2008 IIHF European Champions Cup

Tournament details
- Host country: Russia
- Venue: 1 (in 1 host city)
- Dates: January 10 - January 13
- Teams: 6

Final positions
- Champions: Metallurg Magnitogorsk (1st title)
- Runners-up: HC Sparta Prague

Tournament statistics
- Games played: 7
- Goals scored: 36 (5.14 per game)
- Attendance: 25,580 (3,654 per game)
- Scoring leader: Tomáš Netík (7 points)

Awards
- MVP: Vitali Atyushov

= 2008 IIHF European Champions Cup =

The 2008 IIHF European Champions Cup was the fourth and the last edition of IIHF European Champions Cup. It was held in Saint Petersburg at the Ice Palace arena, from January 10 to January 13. The champions of 2007 of the six strongest hockey nations of Europe participate: Metallurg Magnitogorsk (RUS), Modo Hockey (SWE), HC Slovan Bratislava (SVK), Kärpät (FIN), HC Sparta Prague (CZE), HC Davos (SUI).

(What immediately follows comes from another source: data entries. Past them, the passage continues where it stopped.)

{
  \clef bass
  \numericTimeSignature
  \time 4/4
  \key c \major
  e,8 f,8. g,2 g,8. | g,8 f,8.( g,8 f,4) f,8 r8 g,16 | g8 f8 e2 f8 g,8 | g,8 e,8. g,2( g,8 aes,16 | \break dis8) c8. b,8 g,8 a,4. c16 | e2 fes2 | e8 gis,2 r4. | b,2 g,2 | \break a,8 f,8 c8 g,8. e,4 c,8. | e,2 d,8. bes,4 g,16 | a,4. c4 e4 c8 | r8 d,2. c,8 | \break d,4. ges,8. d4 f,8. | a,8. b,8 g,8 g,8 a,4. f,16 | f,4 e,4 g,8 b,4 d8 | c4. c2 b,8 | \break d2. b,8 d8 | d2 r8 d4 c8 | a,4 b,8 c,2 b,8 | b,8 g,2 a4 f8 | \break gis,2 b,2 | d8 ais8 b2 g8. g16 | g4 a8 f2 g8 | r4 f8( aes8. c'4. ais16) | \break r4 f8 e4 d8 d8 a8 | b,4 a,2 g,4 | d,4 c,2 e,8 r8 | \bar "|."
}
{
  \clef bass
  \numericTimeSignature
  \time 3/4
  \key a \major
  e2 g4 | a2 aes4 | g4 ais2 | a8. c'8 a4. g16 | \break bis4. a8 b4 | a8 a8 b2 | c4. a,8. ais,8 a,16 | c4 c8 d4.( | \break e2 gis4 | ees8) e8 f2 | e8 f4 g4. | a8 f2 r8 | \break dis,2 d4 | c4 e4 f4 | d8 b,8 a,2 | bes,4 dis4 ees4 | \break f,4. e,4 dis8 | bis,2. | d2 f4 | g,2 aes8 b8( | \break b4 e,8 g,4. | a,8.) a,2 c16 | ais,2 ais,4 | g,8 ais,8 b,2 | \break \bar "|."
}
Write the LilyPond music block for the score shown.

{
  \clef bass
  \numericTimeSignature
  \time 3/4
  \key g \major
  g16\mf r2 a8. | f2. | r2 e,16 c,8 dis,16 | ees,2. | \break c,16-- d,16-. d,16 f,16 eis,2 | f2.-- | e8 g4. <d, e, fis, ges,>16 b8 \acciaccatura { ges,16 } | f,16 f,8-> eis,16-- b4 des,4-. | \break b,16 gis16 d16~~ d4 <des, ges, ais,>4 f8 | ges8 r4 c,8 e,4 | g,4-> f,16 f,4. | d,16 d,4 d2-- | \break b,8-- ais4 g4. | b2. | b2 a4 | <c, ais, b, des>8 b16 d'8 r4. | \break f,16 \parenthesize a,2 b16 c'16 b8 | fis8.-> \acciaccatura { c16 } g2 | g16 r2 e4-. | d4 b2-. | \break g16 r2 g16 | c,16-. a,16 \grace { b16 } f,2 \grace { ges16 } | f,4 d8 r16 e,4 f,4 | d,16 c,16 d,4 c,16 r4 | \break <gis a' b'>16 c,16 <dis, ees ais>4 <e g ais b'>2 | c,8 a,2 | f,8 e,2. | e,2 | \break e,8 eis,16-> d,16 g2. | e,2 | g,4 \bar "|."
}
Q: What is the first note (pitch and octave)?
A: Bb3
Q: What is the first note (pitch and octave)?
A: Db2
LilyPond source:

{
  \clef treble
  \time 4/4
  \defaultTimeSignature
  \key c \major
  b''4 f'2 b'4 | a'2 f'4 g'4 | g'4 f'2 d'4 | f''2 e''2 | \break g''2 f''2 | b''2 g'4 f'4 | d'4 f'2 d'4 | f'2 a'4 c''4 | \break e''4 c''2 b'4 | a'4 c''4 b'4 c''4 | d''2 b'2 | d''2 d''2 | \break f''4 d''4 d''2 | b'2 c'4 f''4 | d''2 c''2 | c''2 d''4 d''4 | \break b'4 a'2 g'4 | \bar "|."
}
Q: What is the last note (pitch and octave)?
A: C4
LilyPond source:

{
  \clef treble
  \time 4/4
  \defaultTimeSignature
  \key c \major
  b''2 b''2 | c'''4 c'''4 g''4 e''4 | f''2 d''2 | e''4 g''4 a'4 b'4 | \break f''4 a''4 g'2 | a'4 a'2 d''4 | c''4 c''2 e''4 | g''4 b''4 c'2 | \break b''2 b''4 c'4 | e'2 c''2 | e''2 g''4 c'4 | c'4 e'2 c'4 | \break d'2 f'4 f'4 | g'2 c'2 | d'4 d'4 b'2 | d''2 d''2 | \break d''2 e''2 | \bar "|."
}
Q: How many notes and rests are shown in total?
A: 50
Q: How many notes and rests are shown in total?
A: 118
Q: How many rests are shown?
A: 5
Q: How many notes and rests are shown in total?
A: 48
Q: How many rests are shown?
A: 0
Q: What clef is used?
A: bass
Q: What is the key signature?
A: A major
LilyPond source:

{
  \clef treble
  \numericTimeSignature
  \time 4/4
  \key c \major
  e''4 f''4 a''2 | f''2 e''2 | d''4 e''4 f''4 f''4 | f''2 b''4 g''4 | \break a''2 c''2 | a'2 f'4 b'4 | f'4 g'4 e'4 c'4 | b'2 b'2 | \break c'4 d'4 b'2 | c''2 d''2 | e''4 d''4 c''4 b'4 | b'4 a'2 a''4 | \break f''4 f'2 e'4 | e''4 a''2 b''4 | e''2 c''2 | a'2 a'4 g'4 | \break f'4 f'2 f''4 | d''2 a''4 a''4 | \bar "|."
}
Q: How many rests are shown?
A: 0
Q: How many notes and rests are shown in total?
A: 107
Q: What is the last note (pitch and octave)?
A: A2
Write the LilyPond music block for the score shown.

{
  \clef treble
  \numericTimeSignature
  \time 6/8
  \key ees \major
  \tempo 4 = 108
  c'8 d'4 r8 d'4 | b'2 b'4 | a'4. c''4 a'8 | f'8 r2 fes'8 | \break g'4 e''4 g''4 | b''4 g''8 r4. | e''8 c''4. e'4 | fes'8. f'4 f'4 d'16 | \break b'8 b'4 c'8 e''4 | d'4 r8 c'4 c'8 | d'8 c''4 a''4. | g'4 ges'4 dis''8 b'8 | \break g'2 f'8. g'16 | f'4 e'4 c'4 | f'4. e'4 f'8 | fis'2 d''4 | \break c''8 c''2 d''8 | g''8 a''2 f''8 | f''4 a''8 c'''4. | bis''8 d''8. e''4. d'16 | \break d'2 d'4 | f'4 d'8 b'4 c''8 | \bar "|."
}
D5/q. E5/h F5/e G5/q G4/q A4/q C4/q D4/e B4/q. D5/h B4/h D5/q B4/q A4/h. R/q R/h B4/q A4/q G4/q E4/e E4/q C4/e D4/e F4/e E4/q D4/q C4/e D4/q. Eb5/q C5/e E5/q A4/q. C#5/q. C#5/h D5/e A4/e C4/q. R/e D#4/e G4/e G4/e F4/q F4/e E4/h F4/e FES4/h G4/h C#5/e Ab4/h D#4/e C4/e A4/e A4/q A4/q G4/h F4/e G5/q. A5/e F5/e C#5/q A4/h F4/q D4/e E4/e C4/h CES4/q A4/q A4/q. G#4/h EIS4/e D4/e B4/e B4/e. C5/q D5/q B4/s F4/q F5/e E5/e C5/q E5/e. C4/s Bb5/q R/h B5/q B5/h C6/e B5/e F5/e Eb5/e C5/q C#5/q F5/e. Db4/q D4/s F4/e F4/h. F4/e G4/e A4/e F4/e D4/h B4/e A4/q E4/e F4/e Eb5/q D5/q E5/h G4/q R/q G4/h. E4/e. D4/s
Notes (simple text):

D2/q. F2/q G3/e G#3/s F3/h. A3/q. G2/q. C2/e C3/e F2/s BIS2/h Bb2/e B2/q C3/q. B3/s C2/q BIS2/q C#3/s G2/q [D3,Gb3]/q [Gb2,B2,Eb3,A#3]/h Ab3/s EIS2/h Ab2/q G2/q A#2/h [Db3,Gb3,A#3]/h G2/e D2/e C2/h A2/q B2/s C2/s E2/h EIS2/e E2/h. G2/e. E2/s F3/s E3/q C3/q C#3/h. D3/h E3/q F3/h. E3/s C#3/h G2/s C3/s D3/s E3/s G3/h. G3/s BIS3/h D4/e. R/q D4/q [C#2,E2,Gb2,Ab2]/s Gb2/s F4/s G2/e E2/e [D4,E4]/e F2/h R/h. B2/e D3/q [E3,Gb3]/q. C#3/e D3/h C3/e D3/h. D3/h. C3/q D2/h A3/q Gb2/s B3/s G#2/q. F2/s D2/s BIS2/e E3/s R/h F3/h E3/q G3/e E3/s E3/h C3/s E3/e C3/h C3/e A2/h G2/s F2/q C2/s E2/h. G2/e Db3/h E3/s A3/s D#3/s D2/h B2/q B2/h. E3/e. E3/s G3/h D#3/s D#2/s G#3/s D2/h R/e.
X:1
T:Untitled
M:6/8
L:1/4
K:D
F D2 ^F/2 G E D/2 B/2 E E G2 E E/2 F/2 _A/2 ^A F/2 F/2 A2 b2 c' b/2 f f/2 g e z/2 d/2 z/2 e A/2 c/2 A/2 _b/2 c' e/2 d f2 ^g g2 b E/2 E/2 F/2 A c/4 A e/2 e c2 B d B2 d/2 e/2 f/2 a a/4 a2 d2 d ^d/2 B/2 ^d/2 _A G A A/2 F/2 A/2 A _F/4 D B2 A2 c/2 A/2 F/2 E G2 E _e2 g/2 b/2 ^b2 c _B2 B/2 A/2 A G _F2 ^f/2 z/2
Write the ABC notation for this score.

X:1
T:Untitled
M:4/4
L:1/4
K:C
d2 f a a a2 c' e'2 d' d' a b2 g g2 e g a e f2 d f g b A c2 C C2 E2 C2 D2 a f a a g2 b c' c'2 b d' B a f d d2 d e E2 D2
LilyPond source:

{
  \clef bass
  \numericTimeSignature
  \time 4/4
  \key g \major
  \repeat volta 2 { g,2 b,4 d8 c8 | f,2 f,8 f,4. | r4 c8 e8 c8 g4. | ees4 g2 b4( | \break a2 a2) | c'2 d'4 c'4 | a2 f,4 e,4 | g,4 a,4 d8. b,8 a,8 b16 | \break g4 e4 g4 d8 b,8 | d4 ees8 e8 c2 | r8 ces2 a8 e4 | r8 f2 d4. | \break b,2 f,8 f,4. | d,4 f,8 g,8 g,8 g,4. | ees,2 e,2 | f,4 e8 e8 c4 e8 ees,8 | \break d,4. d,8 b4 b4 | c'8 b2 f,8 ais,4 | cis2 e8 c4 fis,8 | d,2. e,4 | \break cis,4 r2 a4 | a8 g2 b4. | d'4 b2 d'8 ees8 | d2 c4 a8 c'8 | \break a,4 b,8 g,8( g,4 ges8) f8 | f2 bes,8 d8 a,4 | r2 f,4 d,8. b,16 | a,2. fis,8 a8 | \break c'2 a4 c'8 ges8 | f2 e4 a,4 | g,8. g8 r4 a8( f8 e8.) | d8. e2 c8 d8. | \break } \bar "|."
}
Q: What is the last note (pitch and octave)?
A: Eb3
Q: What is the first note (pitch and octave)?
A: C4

Metallurg won its first European Champions Cup, and third European club championship following European Hockey League titles in 1999 and 2000.

==Group A==
- Ivan Hlinka Division

===Standings===

| Pos | Team | Pld | W | OTW | OTL | L | GF | GA | GD | Pts |
|---|---|---|---|---|---|---|---|---|---|---|
| 1 | HC Sparta Prague | 2 | 2 | 0 | 0 | 0 | 11 | 7 | +4 | 6 |
| 2 | Kärpät | 2 | 1 | 0 | 0 | 1 | 9 | 6 | +3 | 3 |
| 3 | HC Davos | 2 | 0 | 0 | 0 | 2 | 5 | 12 | −7 | 0 |

===Results===
All times local (CET/UTC +1)

==Group B==
- Alexander Ragulin Division

===Standings===

| Pos | Team | Pld | W | OTW | OTL | L | GF | GA | GD | Pts |
|---|---|---|---|---|---|---|---|---|---|---|
| 1 | Metallurg Magnitogorsk | 2 | 1 | 1 | 0 | 0 | 5 | 1 | +4 | 5 |
| 2 | HC Slovan Bratislava | 2 | 1 | 0 | 1 | 0 | 5 | 3 | +2 | 4 |
| 3 | Modo Hockey | 2 | 0 | 0 | 0 | 2 | 1 | 7 | −6 | 0 |

===Results===
All times local (CET/UTC +1)

==Gold medal game==
Metallurg Magnitogorsk qualified for the final of the European Champions Cup thanks to a shootout win against Slovan Bratislava. The Slovaks were close to a surprise but the Russians could overcome the hard-working opponent at the end of the game. Metallurg played HC Sparta Prague in Sunday’s gold medal game.